As columnist Issac Bailey reported in six heartbreaking pieces in The Sun News, Smith’s financial status was deemed “fragile” by a local caseworker, and that finding was treated like a conviction. New York accepted that Smith’s home was not a good fit for the girl to return to, and placed her in foster care. Unlike in an in-state case heard before a family court judge, Smith had no legal recourse to appeal. Even the simplest of turns of the screw – a request that his home be evaluated, for example – took an appalling four months to complete as it wound its way up one state’s bureaucratic ladder and down it again across state lines.

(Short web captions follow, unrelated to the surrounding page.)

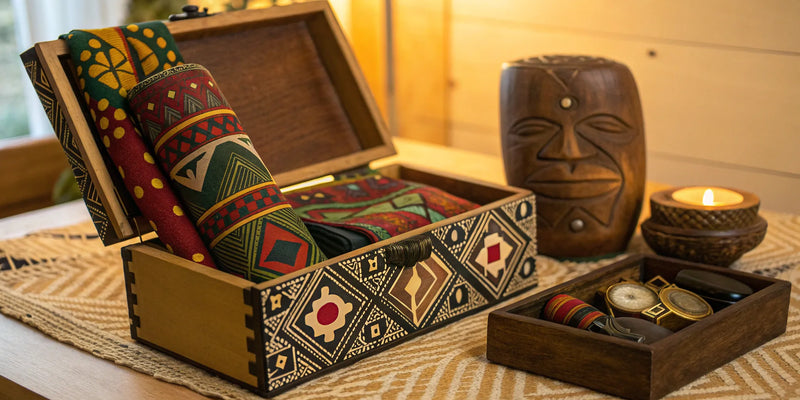 Black History Month gifts: African print fabrics and wooden decor.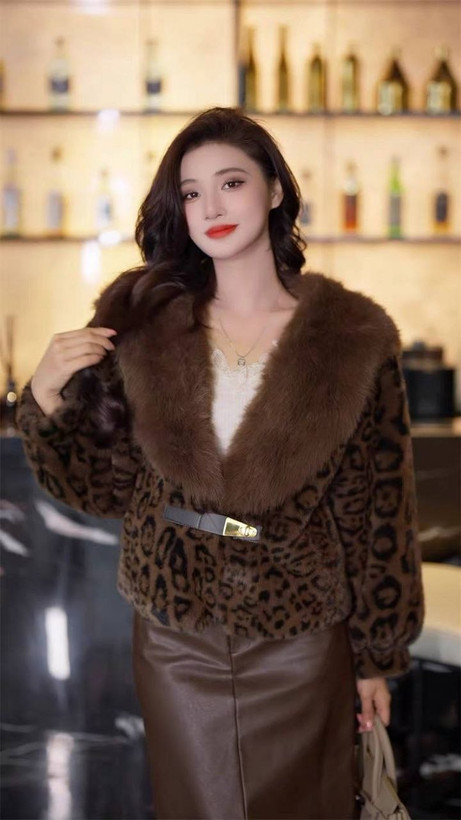 کت پلنگی خزدار وارداتی زنانه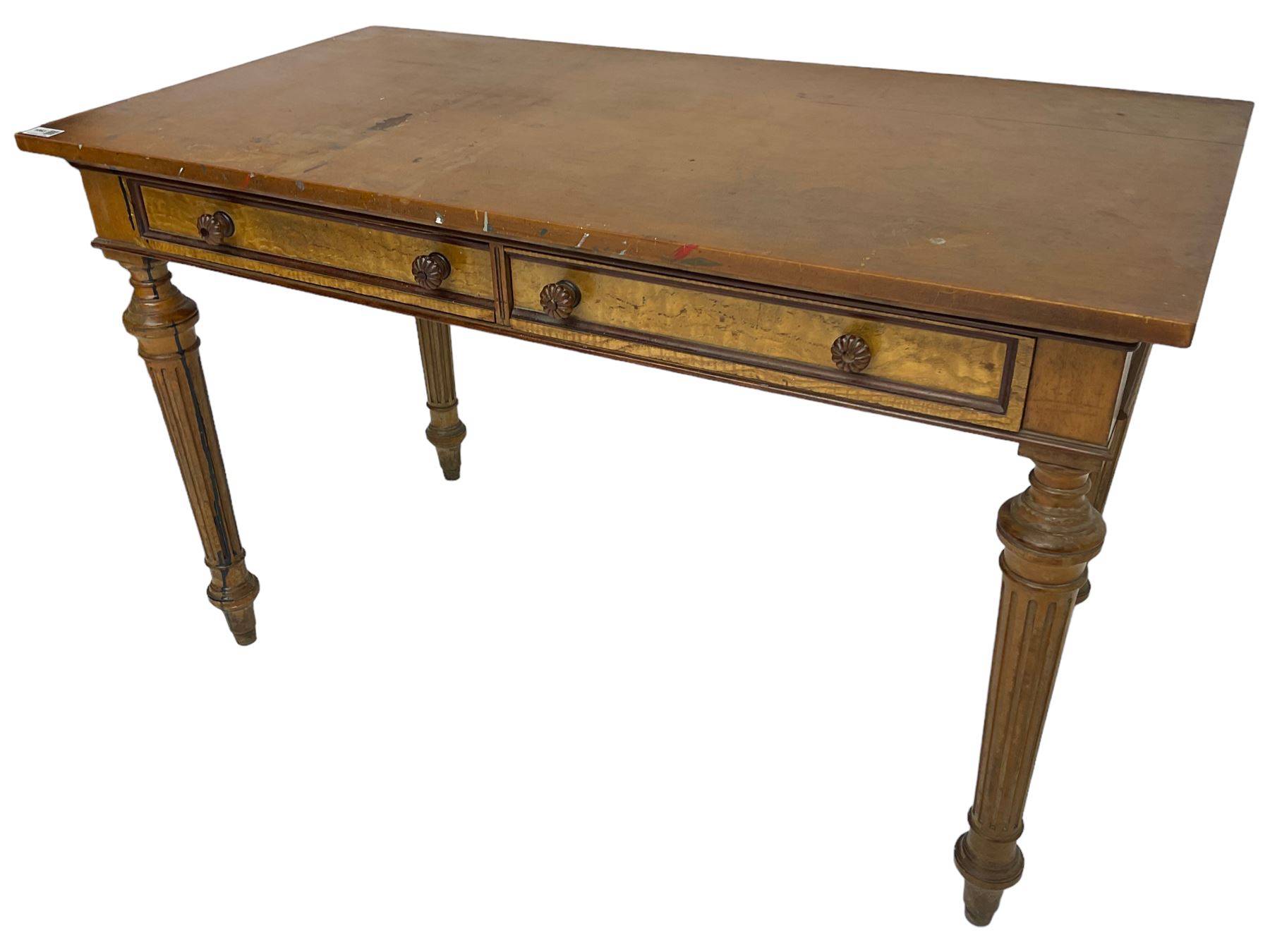 19th century walnut side table, rectangular top over two drawers with elm facias, lobe carved handles and moulded edge in mahogany, on turned and fluted supports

What Smith’s story tells us is that the reports and studies that find South Carolina so consistently poor in its protection of children all have meaning. When we read that our state places 45th on a list of 50 states, when we read of deep cuts to the Department of Social Services, when we read that our state fails federal benchmarks designed to see children protected from neglect – what we are reading is the formula for the Smith family tragedy.

In so many ways, this case is a story of what might have been good intentions, gone sickeningly awry through the labyrinths of government. The caseworker who initially described his home as unfit may have been acting in good faith, but the fact that Smith had no way of refuting her conclusions made them into damnations. The ICPC process itself was put into place to protect children taken from their homes from being put into worse situations elsewhere – and surely has done that in many cases – but its intransigence has likewise become a trap.

Who, through this process, was Johnny Smith’s advocate? Who was acting on his daughter’s behalf? As the system has suffered terrible cuts in its funding, as caseworkers have become more and more overworked, the laws intended to protect the child have turned instead to a mechanism designed to protect the system itself. Even now, after Horry County has reversed its own decision and deemed him a fit father, Smith still has no assurance that this will be enough to convince authorities in New York.

Advocates who have dealt with similar situations are demanding changes that should be implemented. Clearly, an appeals process is needed. Birth parents, such as Smith, ought to be given special consideration. Though the process crosses state lines, state lawmakers can make some of these changes in South Carolina on its own – and after reading Smith’s story, we hope that they will.